There’s a stone covered in strange symbols located in Scotland. Discovered in 1887 by the Rev. James Harvey, it’s unlike anything else in the region. It features more than 90 curious spirals and markings that some authors have interpreted as parts of a massive cosmic map.
The Cochno Stone
The stone has remained buried for decades oni order to be protected from vandalism.
The ancient stone, which measures 13 meters long by 7.9 wide, was carved in ancient times with curious symbols.
The symbols are one of the most excellent examples of petroglyphs in Scotland.
The stone is located at Auchnacraig, Faifley, West Dunbartonshire, Scotland, next to the Cochno farm.
It is also known variously as “Whitehill 1” and “the Druid Stone.”
Those who have had the honor to study the stone have identified the symbols on its surface as possible planets, stars, and galaxies.

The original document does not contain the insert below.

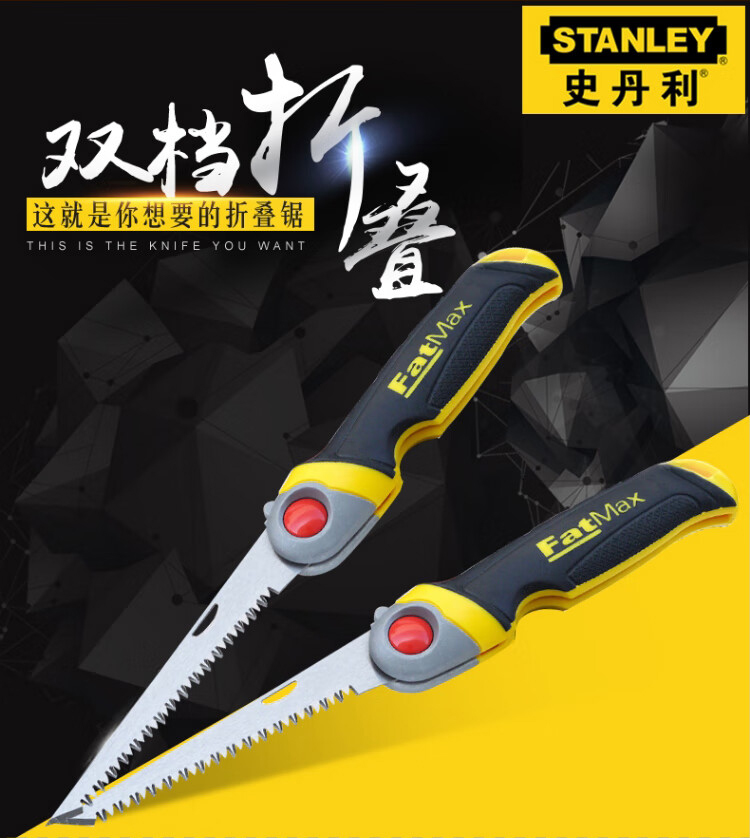 STANLEY史丹利 FatMax折叠锯木工锯手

In 1965, after partially studying the enigmatic petroglyphs, archaeologist Ludovic Maclellan Mann gave orders to bury the massive rock under several feet of soil.
Mann wanted to protect it from damage and prevent people from adding their own carvings onto it. Ironically, he was the one who painted a series of white lines on its surface to prove one of his theories; “that the symbols could predict eclipses and were marking movements of the sun and moon in prehistory.”

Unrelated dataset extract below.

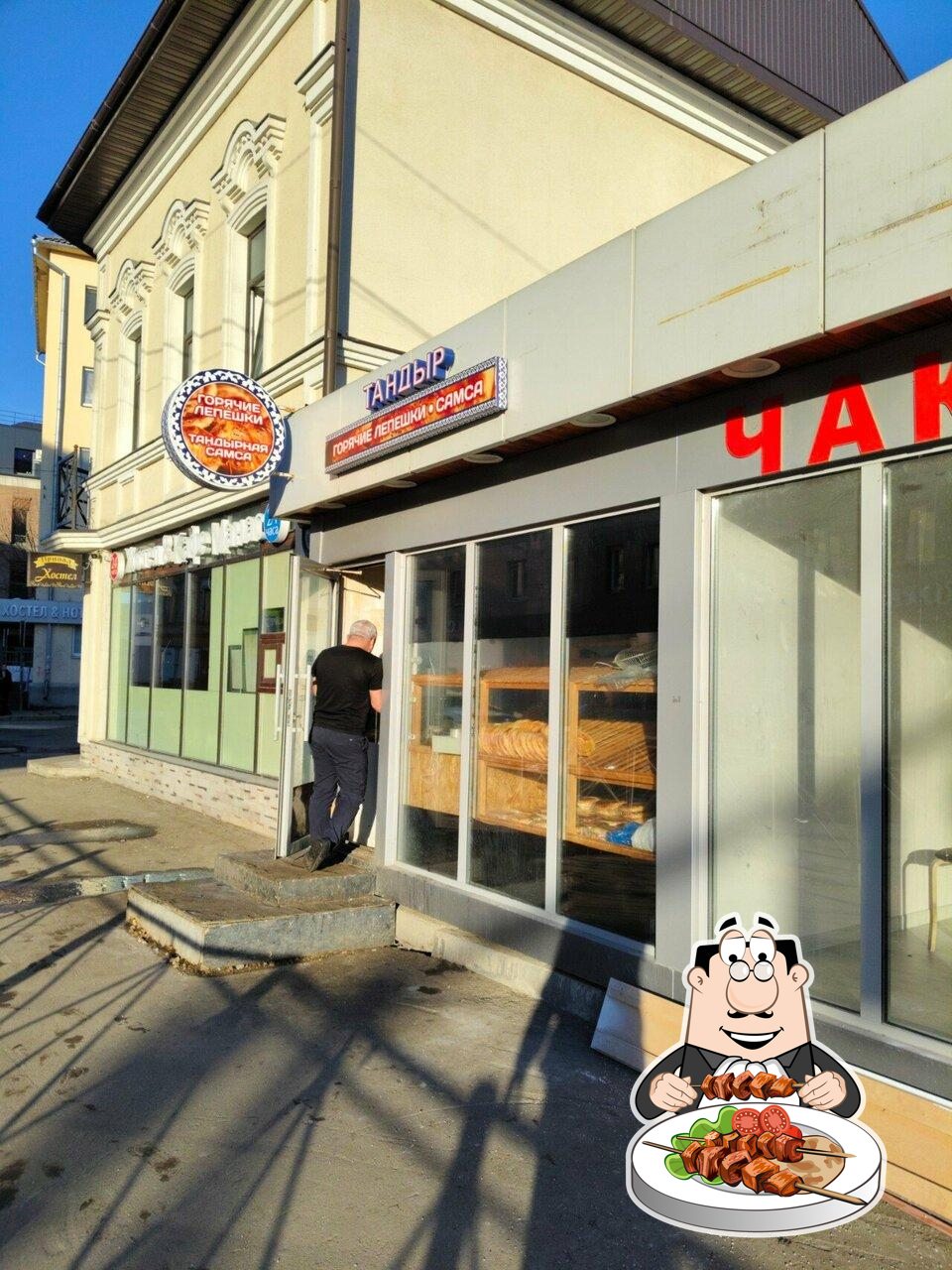 Тандыр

In 2015 the Cochno stone was partially re-exposed by experts for investigation during a 3-day dig. The study involved archaeologists from the University of Glasgow, with a complete re-exposure following a year later.
The Cochno Stone, which is thought to date back to 3000BC, is considered one of the best examples of Neolithic or Bronze Age cup and ring markings in Europe.
The exact meaning of the symbols on its surface remains a mystery, and there isn’t a consensus among archeologists about the precise purpose of the symbols.
Is it a sky map? Are they fine examples of Neolithic Art? Or are they a form of written language?
The truth is, we don’t know.
Some scholars have proposed that the massive stone is, in fact, a religious or ceremonial slab.
Similar slabs, although with different markings, have been found across Europe, Central America, and even India.
“Some people think that the Cochno Stone is a map showing the other settlements in the Clyde Valley – that’s one of the theories. I think it was probably used for lots of things; it was never used for just one thing and over hundreds of years it changed use,” explained History researcher Alexander McCallum
“As far as the symbolism goes, some believe it’s a portal, of life and death, rebirth, a womb, and a tomb – people believed in reincarnation, so they would go into the earth and then come out again,” added McCallum.
According to the Scotsman, the Cochno stone is one of 30 rock art sites to have been recorded and mapped in West Dunbartonshire with a further 36 listed in Inverclyde, including three on Gourock Golf Course.